Come vivo i momenti di prova? Avverto la tentazione e la riconosco quando si presenta oppure faccio finta di niente? Riconosco che la persona che mi è accanto sta assecondando la voce del Nemico ed intervengo con determinazione per redarguirlo? Educhiamo i nostri figli a saper riconoscere la voce di Dio e a fuggire le istigazioni del maligno? Preghiamo perché il male non vinca in noi e nei nostri rapporti?

La quiete dopo la tempesta

La scena finale, così descritta “Stava con le bestie selvatiche e gli angeli lo servivano” (v. 13), mostra l’armonia e la comunione che Gesù vive, superata la prova. Cristo è il vittorioso, così viene presentato. Le fiere non gli fanno alcun male, perché Egli è l’uomo riconciliato con la creazione, che vive la bellezza della comunione con se stesso, con Dio, attraverso lo Spirito, e con l’intero creato. Gli angeli che lo servono indicano come il Cielo sia sceso in terra perché è Dio il premio delle nostre fatiche.
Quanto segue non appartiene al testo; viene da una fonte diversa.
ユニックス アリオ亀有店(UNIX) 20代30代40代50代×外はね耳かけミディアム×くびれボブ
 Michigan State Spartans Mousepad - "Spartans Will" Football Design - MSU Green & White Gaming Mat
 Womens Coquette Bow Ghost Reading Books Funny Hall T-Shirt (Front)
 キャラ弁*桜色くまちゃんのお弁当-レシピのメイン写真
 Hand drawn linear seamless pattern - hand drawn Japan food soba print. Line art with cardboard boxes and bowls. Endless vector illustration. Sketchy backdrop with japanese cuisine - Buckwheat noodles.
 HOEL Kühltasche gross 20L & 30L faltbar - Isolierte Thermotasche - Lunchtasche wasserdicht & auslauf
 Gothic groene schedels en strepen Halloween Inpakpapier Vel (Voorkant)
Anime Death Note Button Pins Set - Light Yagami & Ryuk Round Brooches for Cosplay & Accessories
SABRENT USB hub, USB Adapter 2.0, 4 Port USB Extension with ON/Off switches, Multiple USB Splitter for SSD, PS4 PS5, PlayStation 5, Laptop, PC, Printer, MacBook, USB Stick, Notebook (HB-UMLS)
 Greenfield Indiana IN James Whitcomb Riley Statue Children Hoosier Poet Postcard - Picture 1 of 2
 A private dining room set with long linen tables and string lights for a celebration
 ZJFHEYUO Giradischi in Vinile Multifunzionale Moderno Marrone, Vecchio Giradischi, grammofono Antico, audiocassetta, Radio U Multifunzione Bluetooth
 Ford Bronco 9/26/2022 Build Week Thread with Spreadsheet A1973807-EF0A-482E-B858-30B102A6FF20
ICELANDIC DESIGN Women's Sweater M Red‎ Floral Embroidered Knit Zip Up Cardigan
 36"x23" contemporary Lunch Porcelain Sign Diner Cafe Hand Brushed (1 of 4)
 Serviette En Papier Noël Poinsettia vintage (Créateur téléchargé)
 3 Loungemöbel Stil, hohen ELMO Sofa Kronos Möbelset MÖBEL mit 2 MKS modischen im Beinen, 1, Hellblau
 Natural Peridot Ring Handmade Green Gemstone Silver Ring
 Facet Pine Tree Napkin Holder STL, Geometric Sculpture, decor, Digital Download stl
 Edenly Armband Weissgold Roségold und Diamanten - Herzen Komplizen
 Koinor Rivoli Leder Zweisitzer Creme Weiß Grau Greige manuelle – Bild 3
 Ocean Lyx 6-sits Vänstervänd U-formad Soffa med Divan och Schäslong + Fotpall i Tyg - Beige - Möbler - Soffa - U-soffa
Siamo solo all’inizio del cammino quaresimale e la Chiesa ci propone senza mezze misure di guardare a Gesù per imparare a considerare la lotta realtà permanete della vita cristiana. Bisogna combattere ogni giorno contro le potenze delle tenebre e percorrere la via ardua della sequela di Cristo con perseveranza, vegliando perché il sonno dell’oblio non ci sorprenda. Non è semplice combattere, ma “noi siamo più che vincitori per virtù di Colui che ci ha amati” (cf. Rm 8,37). Dio ci è accanto e, senza saperlo, nelle nostre famiglie sperimentiamo una marcia in più nel cammino arduo della vita: al nostro fianco c’è la persona che ci ama e che amiamo, colei/colui che è il segno tangibile del Dio che ama e lotta con me, virgulti intorno alla nostra mensa sono i figli che ci ricordano come l’amore, non l’egoismo genera la vita e vince le tenebre. Al pari di Cristo, anche noi, corazzati dalla grazia, combattiamo contro le potenze del male sapendo che nulla e nessuno “potrà mai separarci dall’amore di Dio in Cristo Gesù” (Rm 8,39).